- Opening Delimiter -

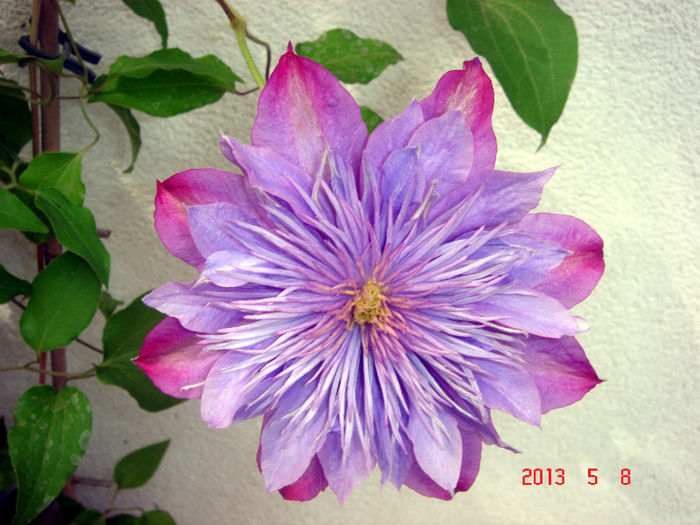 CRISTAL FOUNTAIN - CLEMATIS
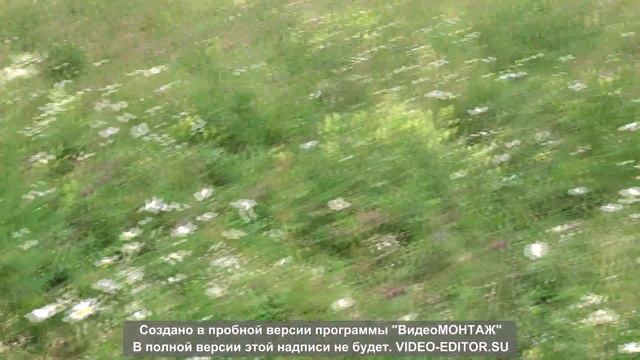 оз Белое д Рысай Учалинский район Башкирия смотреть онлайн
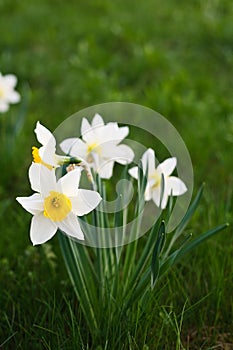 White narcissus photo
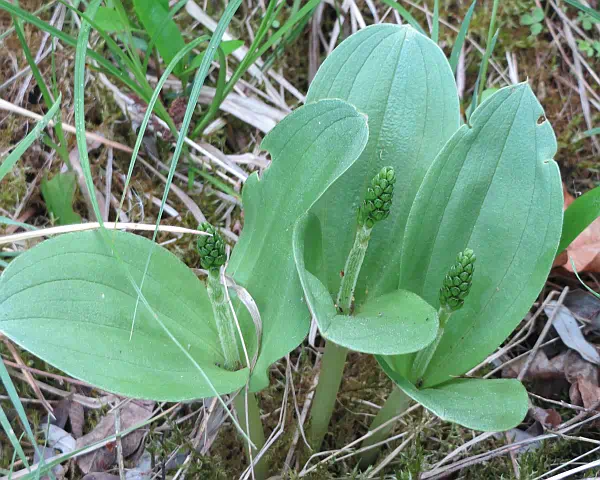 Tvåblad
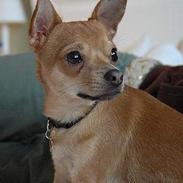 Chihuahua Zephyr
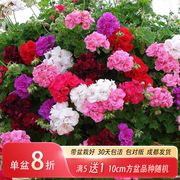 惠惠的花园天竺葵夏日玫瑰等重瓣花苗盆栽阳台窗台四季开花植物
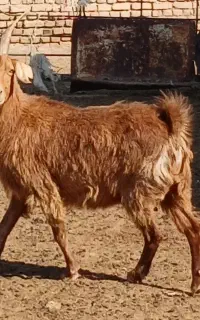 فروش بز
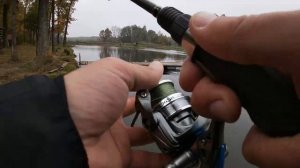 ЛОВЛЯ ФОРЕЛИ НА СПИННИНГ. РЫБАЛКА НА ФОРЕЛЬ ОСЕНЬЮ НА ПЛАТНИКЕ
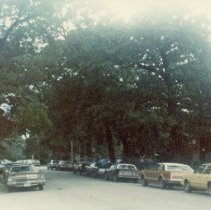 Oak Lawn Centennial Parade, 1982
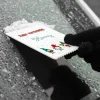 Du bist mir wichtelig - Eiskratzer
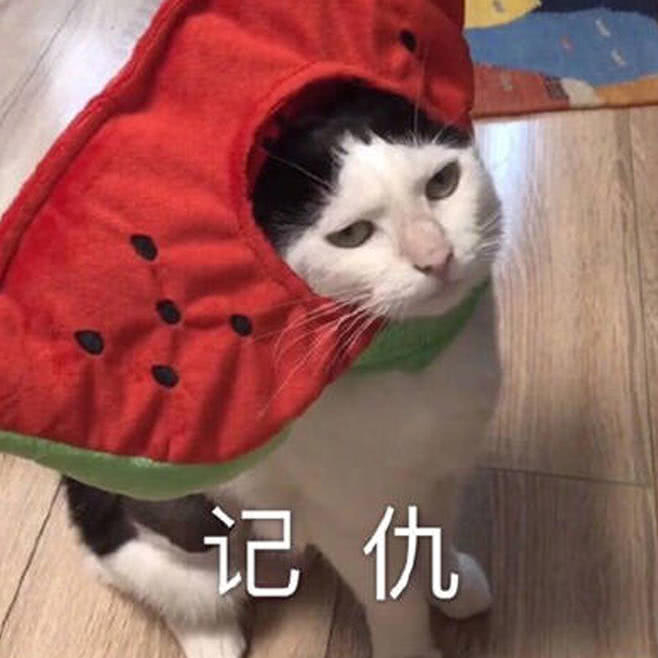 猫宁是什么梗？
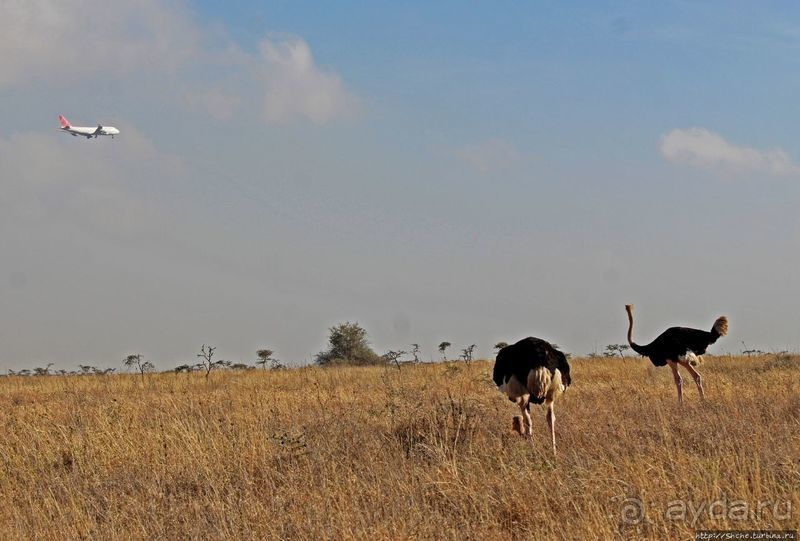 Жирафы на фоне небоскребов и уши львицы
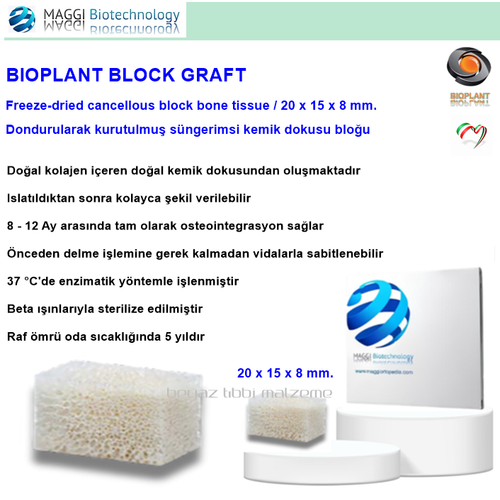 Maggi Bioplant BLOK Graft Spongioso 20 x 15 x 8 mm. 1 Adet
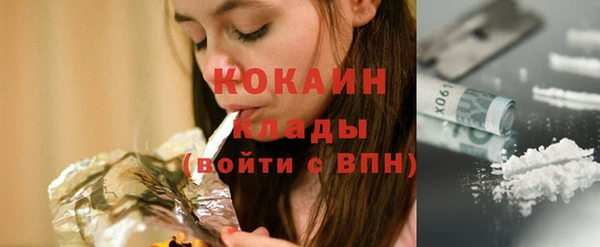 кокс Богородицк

- Closing Delimiter -
- Opening Delimiter -

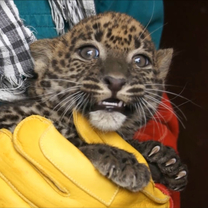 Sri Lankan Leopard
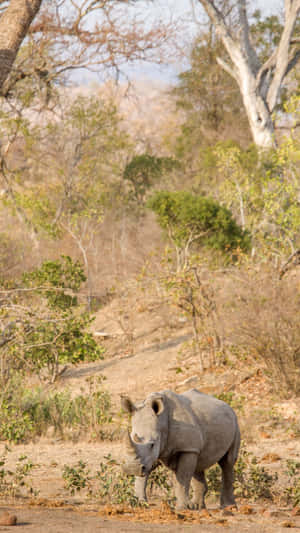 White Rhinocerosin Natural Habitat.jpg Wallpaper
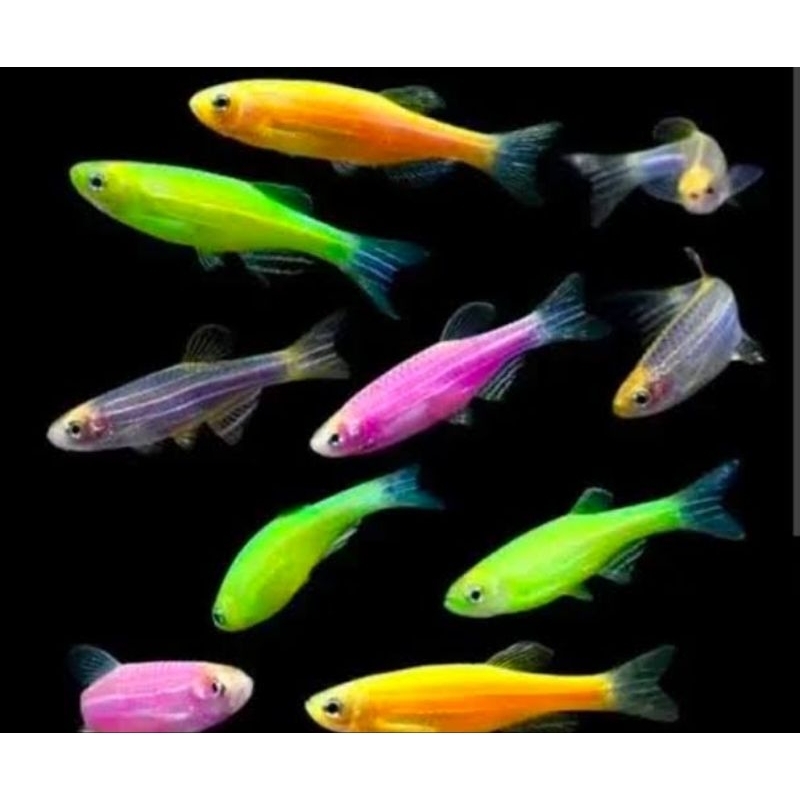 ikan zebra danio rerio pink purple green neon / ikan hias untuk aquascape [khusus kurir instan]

- Closing Delimiter -

Exercise objective: Leaving pictures out, output the lines of the data above from the one with "CRISTAL FOUNTAIN - CLEMATIS" through the one with "кокс Богородицк", word for word.

Task response:
 CRISTAL FOUNTAIN - CLEMATIS
 оз Белое д Рысай Учалинский район Башкирия смотреть онлайн
 White narcissus photo
 Tvåblad
 Chihuahua Zephyr
 惠惠的花园天竺葵夏日玫瑰等重瓣花苗盆栽阳台窗台四季开花植物
 فروش بز
 ЛОВЛЯ ФОРЕЛИ НА СПИННИНГ. РЫБАЛКА НА ФОРЕЛЬ ОСЕНЬЮ НА ПЛАТНИКЕ
 Oak Lawn Centennial Parade, 1982
 Du bist mir wichtelig - Eiskratzer
 猫宁是什么梗？
 Жирафы на фоне небоскребов и уши львицы
 Maggi Bioplant BLOK Graft Spongioso 20 x 15 x 8 mm. 1 Adet
 кокс Богородицк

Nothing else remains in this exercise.